[Data items]

---

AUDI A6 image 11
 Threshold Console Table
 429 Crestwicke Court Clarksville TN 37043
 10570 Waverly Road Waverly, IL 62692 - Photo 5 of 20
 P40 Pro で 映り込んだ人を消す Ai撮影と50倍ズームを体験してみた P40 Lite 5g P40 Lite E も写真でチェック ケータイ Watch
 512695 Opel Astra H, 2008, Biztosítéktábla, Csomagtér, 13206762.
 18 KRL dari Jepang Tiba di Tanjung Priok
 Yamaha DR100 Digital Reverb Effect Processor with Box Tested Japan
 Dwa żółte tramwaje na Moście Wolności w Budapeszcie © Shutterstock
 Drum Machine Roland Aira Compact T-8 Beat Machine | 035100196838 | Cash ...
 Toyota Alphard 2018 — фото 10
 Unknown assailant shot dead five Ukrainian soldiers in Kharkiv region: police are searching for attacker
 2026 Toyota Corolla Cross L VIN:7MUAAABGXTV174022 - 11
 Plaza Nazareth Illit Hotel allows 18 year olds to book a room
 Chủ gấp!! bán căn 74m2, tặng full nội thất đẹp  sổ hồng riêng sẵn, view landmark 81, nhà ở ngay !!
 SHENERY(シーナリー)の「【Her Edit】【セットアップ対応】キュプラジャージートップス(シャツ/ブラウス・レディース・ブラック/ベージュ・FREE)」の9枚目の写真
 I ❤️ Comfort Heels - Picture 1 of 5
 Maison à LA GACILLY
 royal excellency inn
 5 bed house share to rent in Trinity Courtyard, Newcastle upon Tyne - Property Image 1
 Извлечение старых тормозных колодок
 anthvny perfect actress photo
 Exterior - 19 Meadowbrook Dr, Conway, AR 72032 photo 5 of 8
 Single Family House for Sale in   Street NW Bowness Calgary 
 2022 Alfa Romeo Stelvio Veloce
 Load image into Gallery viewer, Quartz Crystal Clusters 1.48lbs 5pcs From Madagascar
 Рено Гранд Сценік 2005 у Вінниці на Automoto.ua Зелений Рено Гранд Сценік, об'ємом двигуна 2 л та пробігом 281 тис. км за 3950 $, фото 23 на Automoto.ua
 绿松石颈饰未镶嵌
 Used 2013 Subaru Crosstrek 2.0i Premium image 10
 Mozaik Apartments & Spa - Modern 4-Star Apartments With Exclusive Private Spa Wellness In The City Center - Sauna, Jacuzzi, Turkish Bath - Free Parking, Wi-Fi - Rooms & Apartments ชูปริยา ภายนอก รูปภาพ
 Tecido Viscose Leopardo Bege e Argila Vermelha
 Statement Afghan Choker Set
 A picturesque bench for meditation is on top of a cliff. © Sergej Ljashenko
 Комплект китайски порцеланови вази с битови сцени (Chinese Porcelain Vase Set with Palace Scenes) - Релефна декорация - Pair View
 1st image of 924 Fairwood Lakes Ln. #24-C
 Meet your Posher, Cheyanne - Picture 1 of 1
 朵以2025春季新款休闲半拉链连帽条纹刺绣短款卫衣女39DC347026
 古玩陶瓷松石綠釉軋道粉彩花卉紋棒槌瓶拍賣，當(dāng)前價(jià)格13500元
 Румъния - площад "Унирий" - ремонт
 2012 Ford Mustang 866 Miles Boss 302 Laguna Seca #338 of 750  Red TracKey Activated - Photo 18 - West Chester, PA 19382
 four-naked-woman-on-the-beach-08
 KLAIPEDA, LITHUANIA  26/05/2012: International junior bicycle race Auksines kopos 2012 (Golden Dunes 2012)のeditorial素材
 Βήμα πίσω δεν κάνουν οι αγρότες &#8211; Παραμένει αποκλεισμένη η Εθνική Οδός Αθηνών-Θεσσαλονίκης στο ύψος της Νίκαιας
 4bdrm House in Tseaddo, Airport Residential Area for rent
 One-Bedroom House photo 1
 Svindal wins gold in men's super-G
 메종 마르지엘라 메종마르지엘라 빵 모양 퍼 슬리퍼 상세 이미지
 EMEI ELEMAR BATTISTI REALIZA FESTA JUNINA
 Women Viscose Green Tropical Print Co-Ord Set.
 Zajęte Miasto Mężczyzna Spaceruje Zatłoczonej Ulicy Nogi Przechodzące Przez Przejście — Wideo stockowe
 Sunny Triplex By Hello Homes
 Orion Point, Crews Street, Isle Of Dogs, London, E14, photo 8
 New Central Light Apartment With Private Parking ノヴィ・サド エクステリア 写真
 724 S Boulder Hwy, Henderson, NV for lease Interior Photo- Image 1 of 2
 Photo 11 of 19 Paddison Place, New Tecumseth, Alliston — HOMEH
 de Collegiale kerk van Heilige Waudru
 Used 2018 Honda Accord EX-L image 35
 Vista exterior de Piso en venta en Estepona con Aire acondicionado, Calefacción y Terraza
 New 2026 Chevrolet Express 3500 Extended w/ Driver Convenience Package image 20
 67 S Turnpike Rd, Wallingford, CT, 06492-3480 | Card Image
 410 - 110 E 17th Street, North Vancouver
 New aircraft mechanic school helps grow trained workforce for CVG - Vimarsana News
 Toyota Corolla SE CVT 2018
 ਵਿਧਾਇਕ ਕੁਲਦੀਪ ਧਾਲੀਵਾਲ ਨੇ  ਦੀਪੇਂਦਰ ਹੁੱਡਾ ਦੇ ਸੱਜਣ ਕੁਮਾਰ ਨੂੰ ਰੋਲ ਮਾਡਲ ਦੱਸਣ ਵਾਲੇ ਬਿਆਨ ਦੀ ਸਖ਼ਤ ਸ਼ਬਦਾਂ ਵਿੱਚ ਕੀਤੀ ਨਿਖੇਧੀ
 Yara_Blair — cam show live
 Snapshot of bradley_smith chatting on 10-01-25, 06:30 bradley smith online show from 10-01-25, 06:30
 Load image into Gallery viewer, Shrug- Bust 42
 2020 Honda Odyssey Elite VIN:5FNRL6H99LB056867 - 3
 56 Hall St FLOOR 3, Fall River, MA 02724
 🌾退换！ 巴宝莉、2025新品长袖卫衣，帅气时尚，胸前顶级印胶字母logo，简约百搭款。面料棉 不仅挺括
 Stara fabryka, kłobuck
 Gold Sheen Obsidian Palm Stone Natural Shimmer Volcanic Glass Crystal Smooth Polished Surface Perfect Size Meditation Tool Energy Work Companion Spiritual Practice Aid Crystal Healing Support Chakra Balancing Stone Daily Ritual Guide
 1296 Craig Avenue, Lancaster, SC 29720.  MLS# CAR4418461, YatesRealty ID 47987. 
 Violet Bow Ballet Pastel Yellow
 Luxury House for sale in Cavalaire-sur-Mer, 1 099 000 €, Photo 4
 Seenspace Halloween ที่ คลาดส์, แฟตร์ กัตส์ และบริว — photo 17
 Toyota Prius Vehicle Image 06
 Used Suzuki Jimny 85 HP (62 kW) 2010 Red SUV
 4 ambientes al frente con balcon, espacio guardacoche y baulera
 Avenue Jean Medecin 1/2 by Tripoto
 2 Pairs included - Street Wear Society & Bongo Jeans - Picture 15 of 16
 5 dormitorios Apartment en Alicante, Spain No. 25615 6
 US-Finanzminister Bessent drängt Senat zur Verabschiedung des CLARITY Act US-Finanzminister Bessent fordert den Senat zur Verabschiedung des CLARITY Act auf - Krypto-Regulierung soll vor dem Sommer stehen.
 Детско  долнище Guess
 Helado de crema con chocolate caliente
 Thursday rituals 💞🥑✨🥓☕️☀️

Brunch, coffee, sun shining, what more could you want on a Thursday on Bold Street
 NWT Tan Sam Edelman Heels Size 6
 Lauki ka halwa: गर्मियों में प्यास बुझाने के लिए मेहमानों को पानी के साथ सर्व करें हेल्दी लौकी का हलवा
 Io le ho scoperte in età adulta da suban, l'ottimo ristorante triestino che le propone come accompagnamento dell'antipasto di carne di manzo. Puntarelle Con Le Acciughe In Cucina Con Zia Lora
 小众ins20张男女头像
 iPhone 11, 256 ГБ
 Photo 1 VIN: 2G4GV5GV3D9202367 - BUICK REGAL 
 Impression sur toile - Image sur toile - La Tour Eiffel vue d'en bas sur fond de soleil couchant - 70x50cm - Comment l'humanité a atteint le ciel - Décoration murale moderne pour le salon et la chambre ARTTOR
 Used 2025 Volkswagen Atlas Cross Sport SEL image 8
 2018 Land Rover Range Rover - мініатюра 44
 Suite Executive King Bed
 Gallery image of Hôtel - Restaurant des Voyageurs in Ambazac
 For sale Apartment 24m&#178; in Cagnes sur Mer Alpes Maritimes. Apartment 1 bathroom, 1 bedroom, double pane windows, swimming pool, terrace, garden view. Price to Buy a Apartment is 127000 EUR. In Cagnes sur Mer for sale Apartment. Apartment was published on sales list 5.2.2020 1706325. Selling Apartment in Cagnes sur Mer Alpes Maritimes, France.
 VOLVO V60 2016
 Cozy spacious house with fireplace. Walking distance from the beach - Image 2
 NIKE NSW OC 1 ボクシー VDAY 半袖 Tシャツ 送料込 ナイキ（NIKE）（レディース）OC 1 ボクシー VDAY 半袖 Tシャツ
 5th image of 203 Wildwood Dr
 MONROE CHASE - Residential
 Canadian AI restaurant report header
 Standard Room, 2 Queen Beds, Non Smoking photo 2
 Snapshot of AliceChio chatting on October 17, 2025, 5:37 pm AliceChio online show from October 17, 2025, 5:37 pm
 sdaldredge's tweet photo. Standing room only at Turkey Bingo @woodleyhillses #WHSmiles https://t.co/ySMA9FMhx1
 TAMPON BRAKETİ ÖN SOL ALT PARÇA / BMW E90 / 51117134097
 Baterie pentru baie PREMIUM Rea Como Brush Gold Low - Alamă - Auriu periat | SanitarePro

---

• [WORK REQUEST]: An exact copy is needed of the closing lines of the entries above, counting from the one that contains "Standard Room, 2" and including it and the last.

• [WRITTEN RESPONSE]:
 Standard Room, 2 Queen Beds, Non Smoking photo 2
 Snapshot of AliceChio chatting on October 17, 2025, 5:37 pm AliceChio online show from October 17, 2025, 5:37 pm
 sdaldredge's tweet photo. Standing room only at Turkey Bingo @woodleyhillses #WHSmiles https://t.co/ySMA9FMhx1
 TAMPON BRAKETİ ÖN SOL ALT PARÇA / BMW E90 / 51117134097
 Baterie pentru baie PREMIUM Rea Como Brush Gold Low - Alamă - Auriu periat | SanitarePro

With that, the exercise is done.